*Source information*.
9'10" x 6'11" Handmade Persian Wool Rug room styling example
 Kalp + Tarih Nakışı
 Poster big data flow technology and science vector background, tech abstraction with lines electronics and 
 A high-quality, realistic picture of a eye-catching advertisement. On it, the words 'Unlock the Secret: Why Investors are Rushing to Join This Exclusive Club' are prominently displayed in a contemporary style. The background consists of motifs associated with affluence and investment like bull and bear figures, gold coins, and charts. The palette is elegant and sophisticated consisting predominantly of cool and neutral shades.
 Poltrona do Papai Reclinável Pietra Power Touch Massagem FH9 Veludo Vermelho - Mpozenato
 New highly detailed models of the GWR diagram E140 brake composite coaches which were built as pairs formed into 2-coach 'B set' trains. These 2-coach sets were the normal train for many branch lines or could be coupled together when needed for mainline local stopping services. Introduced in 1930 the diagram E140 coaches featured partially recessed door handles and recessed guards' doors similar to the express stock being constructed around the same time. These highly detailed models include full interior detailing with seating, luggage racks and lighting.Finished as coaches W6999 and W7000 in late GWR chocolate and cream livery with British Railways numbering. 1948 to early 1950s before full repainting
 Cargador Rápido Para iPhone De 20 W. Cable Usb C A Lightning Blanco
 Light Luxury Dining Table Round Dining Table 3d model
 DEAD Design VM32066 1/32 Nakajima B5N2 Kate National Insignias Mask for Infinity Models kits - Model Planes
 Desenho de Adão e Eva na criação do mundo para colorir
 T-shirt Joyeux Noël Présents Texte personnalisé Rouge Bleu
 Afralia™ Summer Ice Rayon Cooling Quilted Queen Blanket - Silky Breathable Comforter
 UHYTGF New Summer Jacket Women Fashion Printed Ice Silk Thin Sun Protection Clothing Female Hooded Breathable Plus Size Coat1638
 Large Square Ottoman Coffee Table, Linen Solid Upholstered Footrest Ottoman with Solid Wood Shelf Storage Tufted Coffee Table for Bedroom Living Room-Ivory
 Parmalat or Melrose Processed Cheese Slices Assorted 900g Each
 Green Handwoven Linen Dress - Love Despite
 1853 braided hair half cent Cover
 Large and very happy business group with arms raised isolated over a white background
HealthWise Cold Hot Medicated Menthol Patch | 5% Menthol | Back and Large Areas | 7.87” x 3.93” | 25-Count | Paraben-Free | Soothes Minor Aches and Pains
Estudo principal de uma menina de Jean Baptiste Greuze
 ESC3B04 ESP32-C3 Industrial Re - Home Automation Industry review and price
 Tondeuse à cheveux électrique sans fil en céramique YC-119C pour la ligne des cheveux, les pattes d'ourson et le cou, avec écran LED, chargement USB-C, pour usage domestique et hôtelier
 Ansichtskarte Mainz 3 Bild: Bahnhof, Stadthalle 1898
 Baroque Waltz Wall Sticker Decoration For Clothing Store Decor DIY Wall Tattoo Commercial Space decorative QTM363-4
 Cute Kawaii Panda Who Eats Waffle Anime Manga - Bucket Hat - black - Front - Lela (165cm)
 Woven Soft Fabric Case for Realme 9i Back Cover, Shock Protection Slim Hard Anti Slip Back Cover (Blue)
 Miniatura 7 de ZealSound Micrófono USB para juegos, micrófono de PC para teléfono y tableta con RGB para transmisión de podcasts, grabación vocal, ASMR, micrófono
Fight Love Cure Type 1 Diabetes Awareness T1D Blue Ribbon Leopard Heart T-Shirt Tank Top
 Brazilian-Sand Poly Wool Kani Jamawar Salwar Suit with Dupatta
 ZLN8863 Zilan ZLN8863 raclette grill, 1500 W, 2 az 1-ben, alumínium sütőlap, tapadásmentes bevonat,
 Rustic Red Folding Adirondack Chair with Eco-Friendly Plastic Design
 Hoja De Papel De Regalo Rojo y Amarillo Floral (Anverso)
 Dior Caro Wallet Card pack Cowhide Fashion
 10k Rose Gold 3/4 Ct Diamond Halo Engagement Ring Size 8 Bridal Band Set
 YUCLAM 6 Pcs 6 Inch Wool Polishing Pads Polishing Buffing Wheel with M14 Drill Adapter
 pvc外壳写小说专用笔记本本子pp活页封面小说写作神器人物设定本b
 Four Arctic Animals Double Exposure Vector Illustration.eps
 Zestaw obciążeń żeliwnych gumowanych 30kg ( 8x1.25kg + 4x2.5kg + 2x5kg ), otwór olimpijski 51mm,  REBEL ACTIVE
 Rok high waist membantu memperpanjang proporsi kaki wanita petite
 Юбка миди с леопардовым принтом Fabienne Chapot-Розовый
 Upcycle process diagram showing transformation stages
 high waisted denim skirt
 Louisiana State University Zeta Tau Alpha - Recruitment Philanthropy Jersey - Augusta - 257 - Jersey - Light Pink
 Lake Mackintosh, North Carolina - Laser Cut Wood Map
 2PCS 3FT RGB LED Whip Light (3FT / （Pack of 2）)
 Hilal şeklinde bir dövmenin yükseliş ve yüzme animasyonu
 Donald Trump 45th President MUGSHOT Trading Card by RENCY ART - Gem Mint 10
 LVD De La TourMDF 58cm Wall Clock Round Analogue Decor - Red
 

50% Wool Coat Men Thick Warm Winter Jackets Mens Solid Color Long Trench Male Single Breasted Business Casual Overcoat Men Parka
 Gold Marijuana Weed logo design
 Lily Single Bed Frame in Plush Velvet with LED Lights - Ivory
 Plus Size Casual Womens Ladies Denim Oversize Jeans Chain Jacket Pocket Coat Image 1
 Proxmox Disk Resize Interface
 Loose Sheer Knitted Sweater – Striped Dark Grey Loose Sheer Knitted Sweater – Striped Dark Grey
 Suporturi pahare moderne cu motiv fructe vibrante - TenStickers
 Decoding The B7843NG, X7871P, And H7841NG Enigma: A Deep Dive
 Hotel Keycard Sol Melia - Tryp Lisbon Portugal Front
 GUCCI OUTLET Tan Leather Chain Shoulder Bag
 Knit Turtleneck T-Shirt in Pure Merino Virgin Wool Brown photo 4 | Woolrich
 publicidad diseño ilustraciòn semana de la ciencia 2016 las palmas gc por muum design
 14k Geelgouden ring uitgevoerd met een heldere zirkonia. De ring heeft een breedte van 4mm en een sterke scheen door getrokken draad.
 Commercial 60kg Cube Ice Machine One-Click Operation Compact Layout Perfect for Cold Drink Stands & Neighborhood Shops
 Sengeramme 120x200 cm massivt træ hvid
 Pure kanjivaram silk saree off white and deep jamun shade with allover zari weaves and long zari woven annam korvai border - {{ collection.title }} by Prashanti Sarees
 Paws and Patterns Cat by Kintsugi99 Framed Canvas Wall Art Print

*Problem to solve*.
Look back at the data above. Transcribe exactly the lines starting at the line that contains "HealthWise Cold Hot" and ending at the line that contains "ESC3B04 ESP32-C3 Industrial".

*Completed task*.
HealthWise Cold Hot Medicated Menthol Patch | 5% Menthol | Back and Large Areas | 7.87” x 3.93” | 25-Count | Paraben-Free | Soothes Minor Aches and Pains
Estudo principal de uma menina de Jean Baptiste Greuze
 ESC3B04 ESP32-C3 Industrial Re - Home Automation Industry review and price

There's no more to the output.